Take few examples. How many amongst us can remember the names of those farmers who committed suicide last month since they were unable to pay their rising debts? How many of us can remember the names of those victims of the Bhopal gas tragedy? How many amongst us can remember the names of the Chasnala colliery disaster victims? As I write this, I can see a picture in a very famous Bengali language newspaper. I can see the dead bodies of people who died just days back after consuming tainted alcohol in the state being piled and stacked upon a cycle van as if they are heaps of garbage, needed to be disposed of. How many of their names and stories will we ever come to know?

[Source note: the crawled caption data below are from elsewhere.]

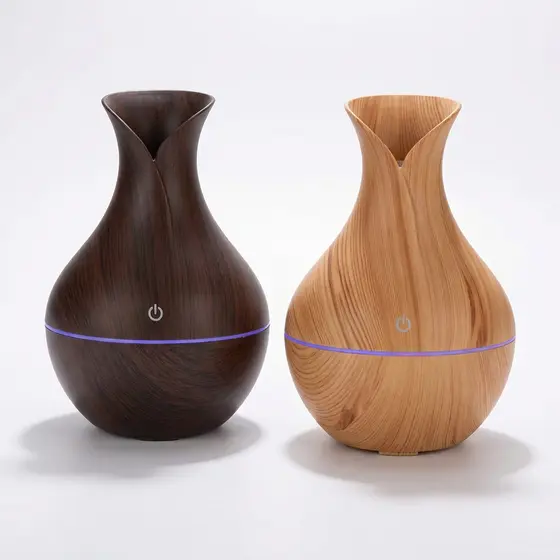 Umidificador Design de Vaso Aromatizador Silencioso textura de Madeira Recarregável com LED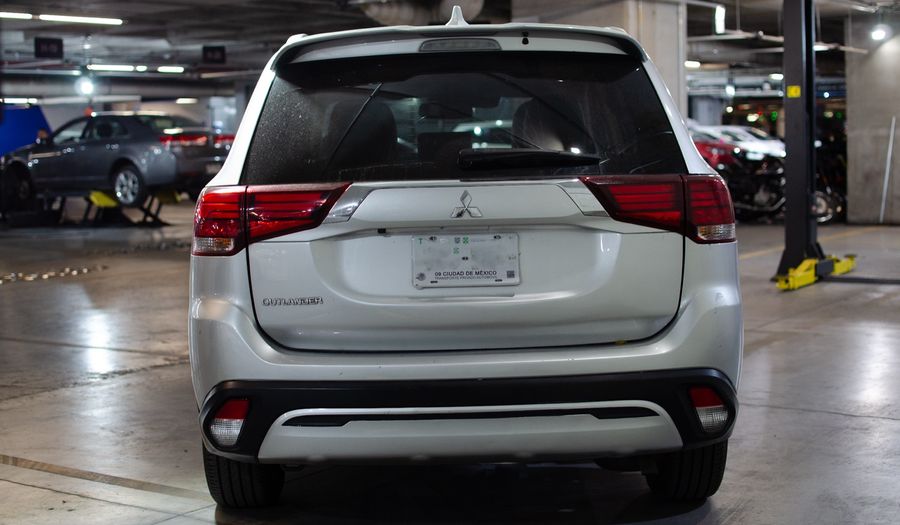 Mitsubishi Outlander 2.4 LIMITED CVT Suv 2020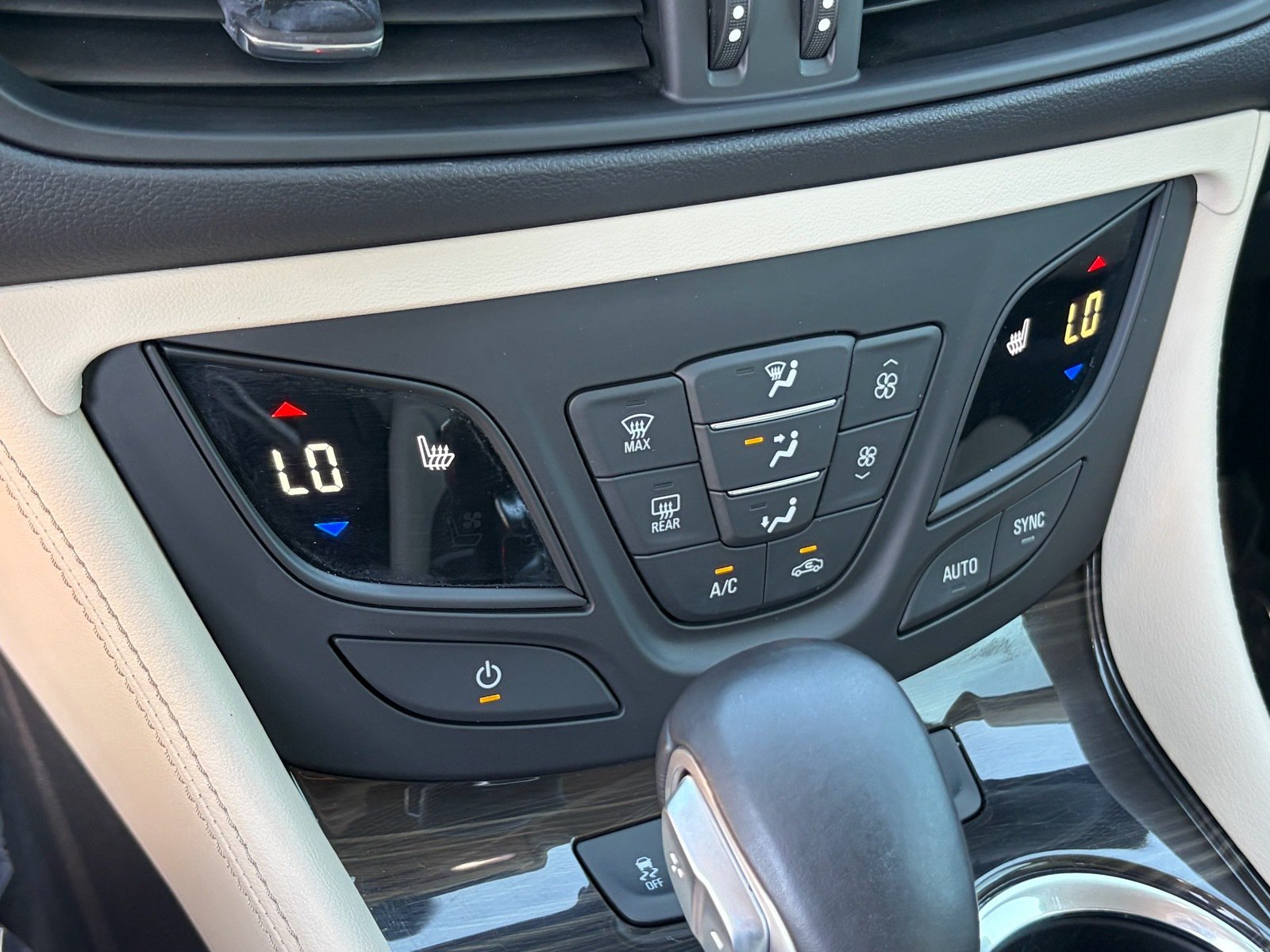 Used 2020 Buick Envision Preferred FWD image 25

May be the reason behind this apathy in India is that we are so numerous and disorganized as a people that we do not value much beyond our own lives. That could be one reason that when we hear tragedies like these we just do not care enough about these incidents.

Or may be in India we are too much prone to violence and death that we have resigned ourselves to the view that these tragedies are in fact a normal course of life. We see so many instances of violence and death all around us that we are immune to these horrific personal tragedies beyond a certain level. Or have we become just too individualistic to care about the deaths like these? I guess it is a combination of all these factors.

Every time such a tragedy occurs, we will condemn those who we think are behind all these, demand their punishments and then just as those events occurred we will go to the hibernation mood. After all, in India our toleration of tragedies such as those of Bhopal and Chasnala are legendary. So it will ensure that the fundamental causes behind those tragedies will never come to an end. Our tolerance will ensure that.

So after these tragic events, we will burn candles and promise “never again” and then go on to the perpetual hibernation until the next tragedy gives us the opportunity to burn candles and promise.

The names of the persons I have used in this article i.e. those of Prakash, Preethi and Malli, may or may not have any resemblance to reality. I used those names in the belief that uttering them for at least once more will ensure that at least some personal tragedies will be viewed as what they are i.e. real , terrible human losses and not mere numbers.